## Title: plot-barplot-1
## Author: Paul Johnson <pauljohn at ku.edu>
## Date posted: 2013-02-05
## Description. Basic exploration of barplot
## One big hassle is that R barplot() assumes we
## provide the table of bar heights. We get one
## "set" of bars for each row in the table.
## Start easy:
## Suppose we know how high we want the bars.
##
myBars <- c(0.2, 0.4, 0.5)
barplot(height = myBars)
## fiddle the width of the bars
barplot(height = myBars, width = c(0.2, 1, 0.3))
## Sometimes we have 2 rows of data to plot.

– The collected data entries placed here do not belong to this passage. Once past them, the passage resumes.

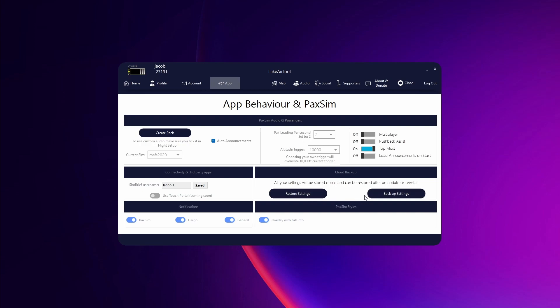Backup and restore settings are once you have all your settings set up, if you want to back them up to the AirTool servers you can restore them at any point so you don't have to reset them all up.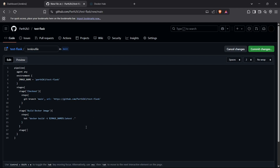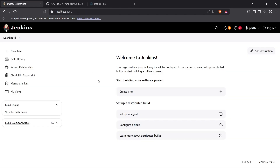Now we move to the next stage: 'Push to Docker Hub'. Inside the steps, we use the 'withCredentials' block. I'll show you how to create credentials in Jenkins as well. Inside withCredentials, we pass the usernamePassword function in square brackets to reference a username-and-password type credential we'll create in Jenkins.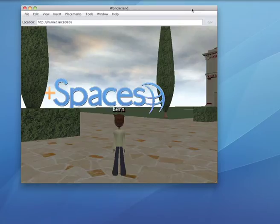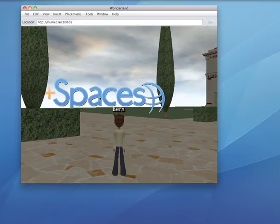Here I am inside Wonderland and I have inserted an image which is the Positive Spaces image, and what I'm going to do is just click on that image.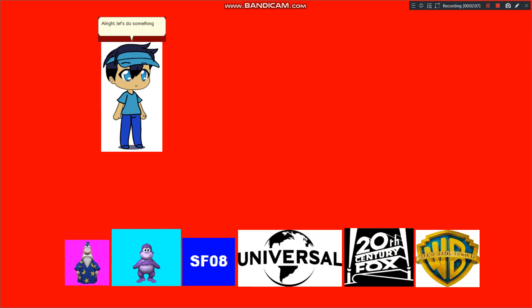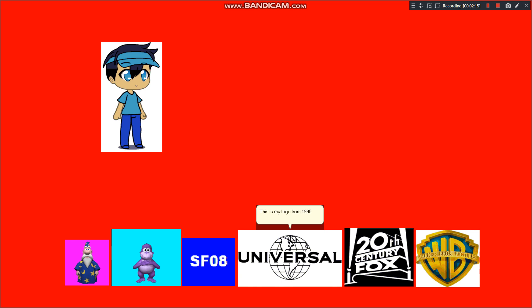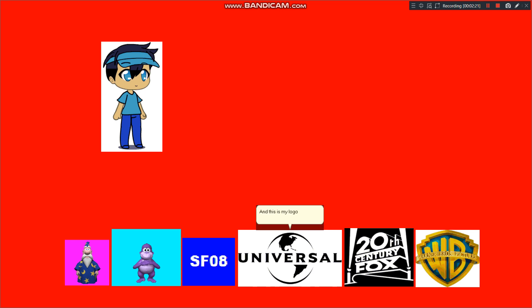Alright, let's do something else. But wait, I can turn into my older logos. This is my logo from 1990 to 1997. And this is my logo from 1997 to 2012.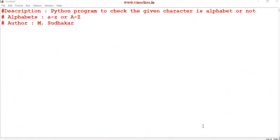Hello friends, welcome to our channel. In this video you will learn how to check the given character is an alphabet or not.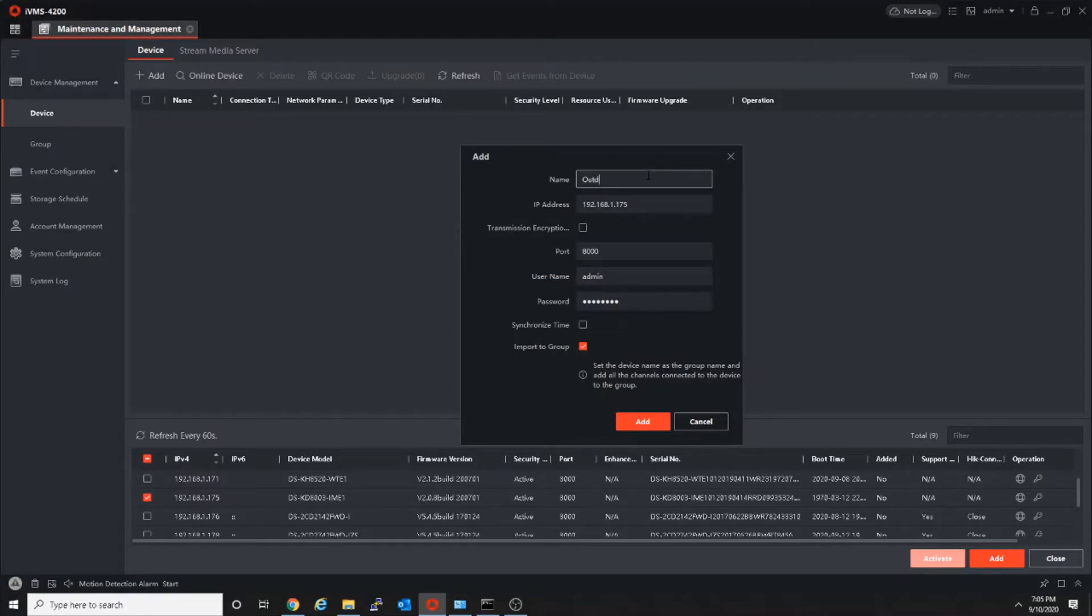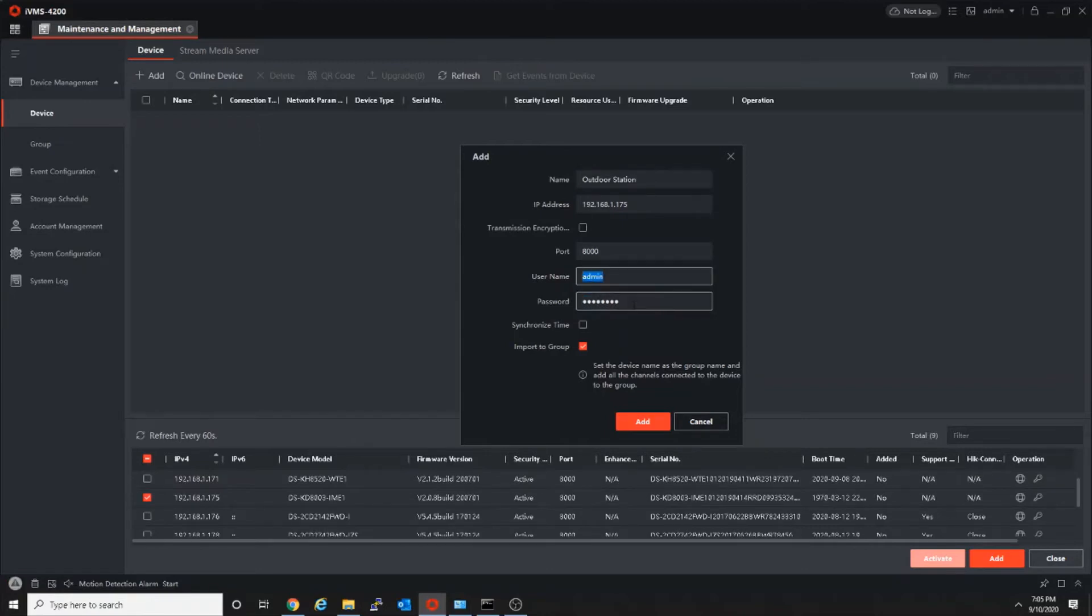Give the username - the username will be admin - and the password, which is the activation password. After that, click add.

That
## is a matrix
myBars <- matrix(c(0.2, 0.4, 0.5, 0.33, 0.7, 0.1), nrow = 2, byrow = TRUE)
barplot(height = myBars)
## I rather have side-by-side plot
barplot(height = myBars, beside = TRUE)
## We will play games with barplot, but first
## "HOW DO WE GET THE NUMBERS WE WANT TO PLOT?"

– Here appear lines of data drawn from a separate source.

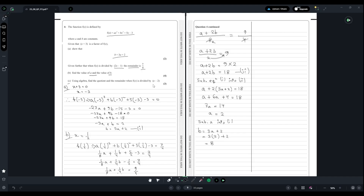For part (c), we are asked to use algebra to find the quotient and remainder when f(x) is divided by x - 2. Since a = 2 and b = 8, we have f(x) = 2x³ + 8x² + 5x - 3. We perform long division of 2x³ + 8x² + 5x - 3 by x - 2.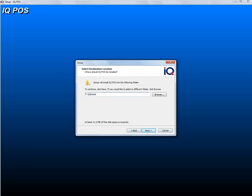This is where you'll be installing IQ POS. It can be on the C drive or any other drive you desire. Just remember, always keep that drive the same, and then you click on next.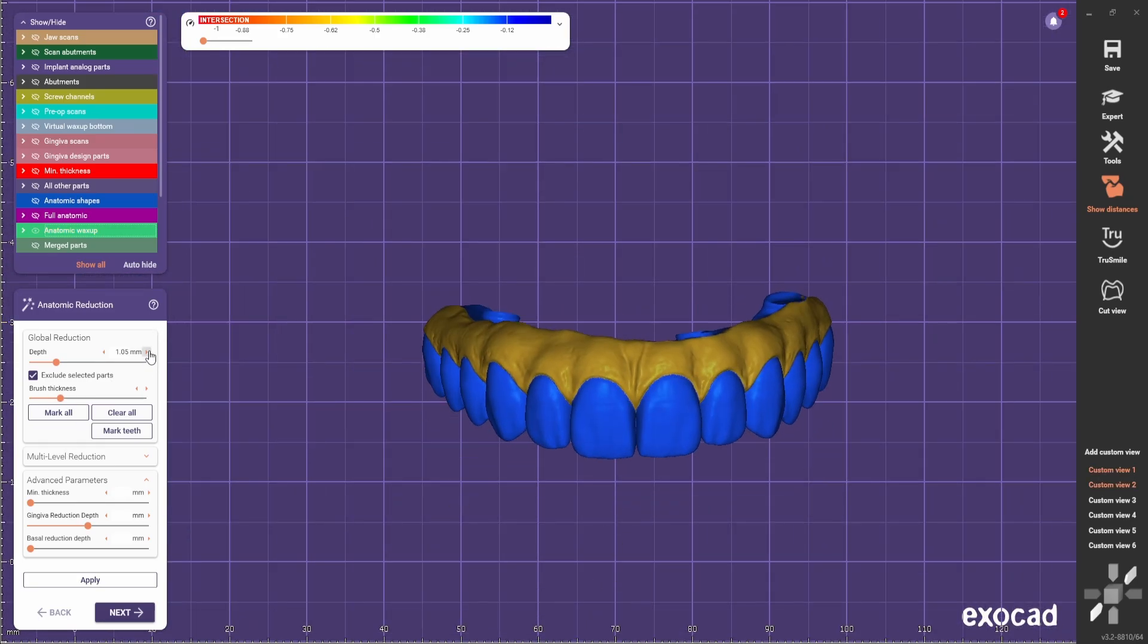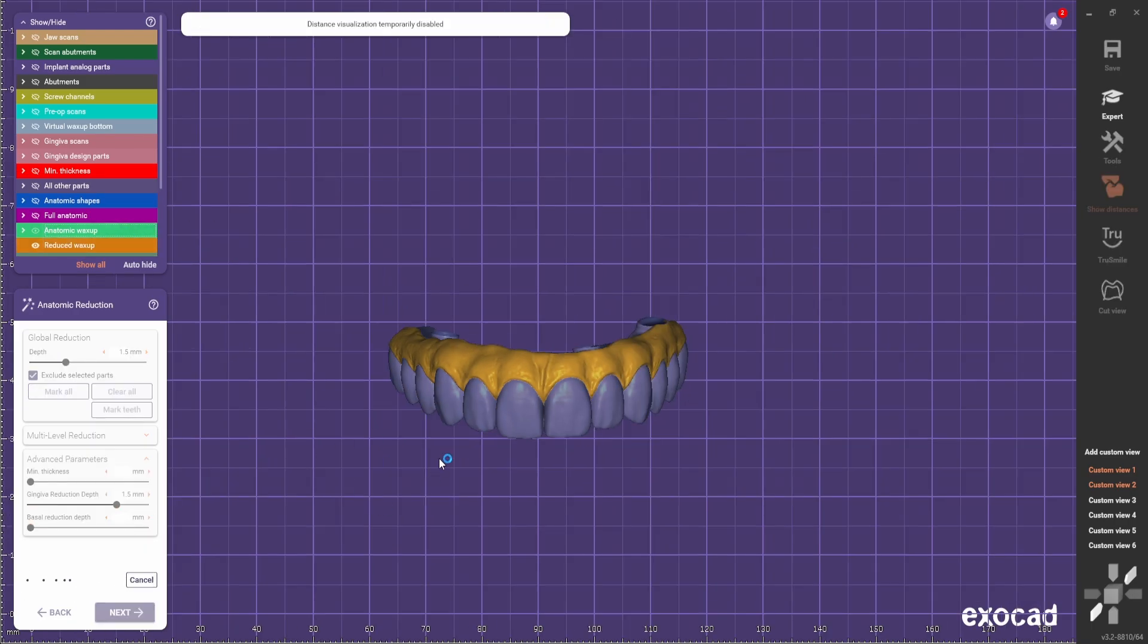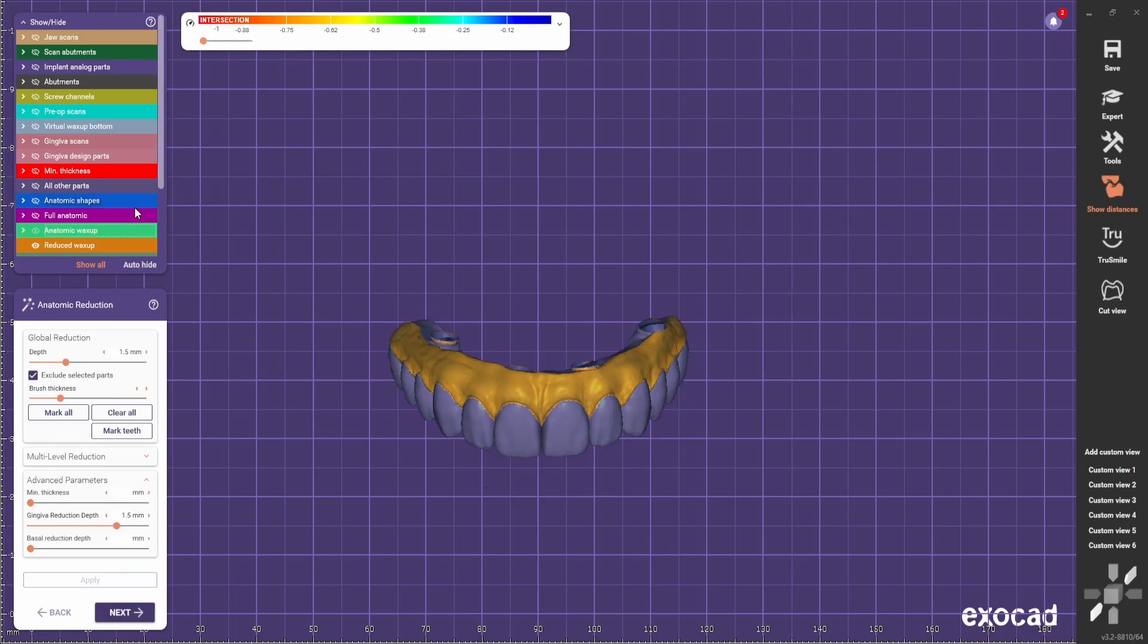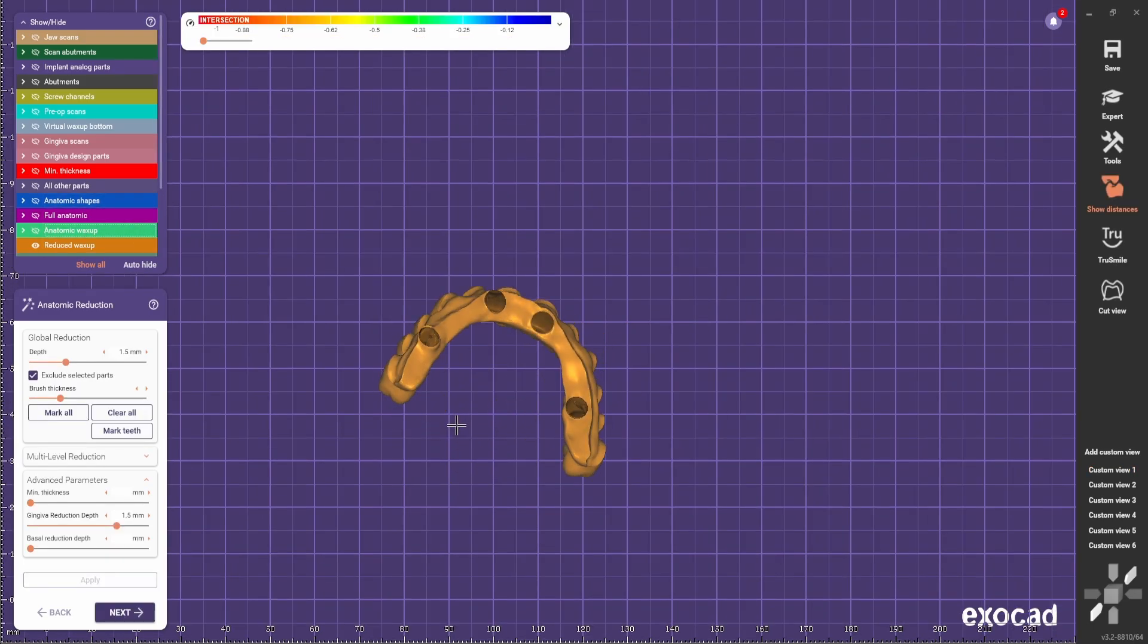Reduce 1.5. Make sure that the gingiva reduction depth is the same as this value and click apply. The reduction is done.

## Well, it depends on what you are trying to show.
## Answer: I usually use a 2 step process.
## Step 1. table() gets the counts
## Step 2. prop.table() converts that to proportions.

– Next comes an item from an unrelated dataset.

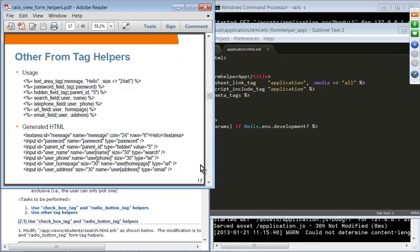Other tag helpers include: text_area_tag for when there is more than a few characters of input, password_field_tag, hidden_field_tag, search_field_tag, telephone_field_tag, url_field_tag, and email_field_tag.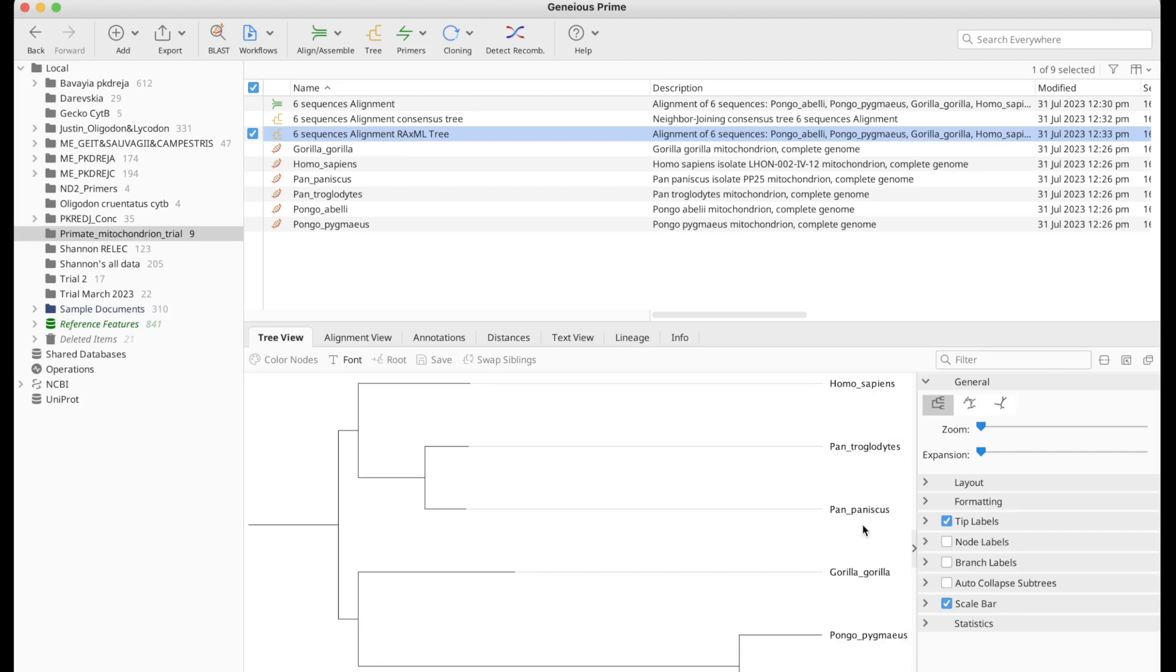The method you're going to be choosing is going to depend on your research. But most of the time, if you are getting very different trees with different algorithms, then the problem is probably in your alignments. Or you're not choosing the right settings for your tree building method. And this is how you create phylogenetic trees on Genius Prime.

## Let's make up some categorical variables for testing
## Here is 100 scores for x1
set.seed(234234)
x1 <- sample(c("Red","Black","Blue"), size = 100, replace = TRUE)
x2 <- sample(c("male","female"), size = 100, replace = TRUE)
x1 <- as.factor(x1)
x2 <- as.factor(x2)
plot(x2, x1)
## I want a side-by-side barplot instead.
## So we have to manufacture the data ourselves
table(x2, x1)
## x1
## x2 Black Blue Red
## female 21 13 15
## male 20 17 14
t1 <- table(x2, x1)
t1.prop <- prop.table(t1, margin = 2)
## See: column proportions.
t1.prop
## x1
## x2 Black Blue Red
## female 0.5122 0.4333 0.5172
## male 0.4878 0.5667 0.4828
barplot(height = t1.prop, beside = TRUE)
## Sometimes you want the average value of a variable
## to serve as the height of the bars. R leaves us (too) many
## different ways to get that. I like "aggregate".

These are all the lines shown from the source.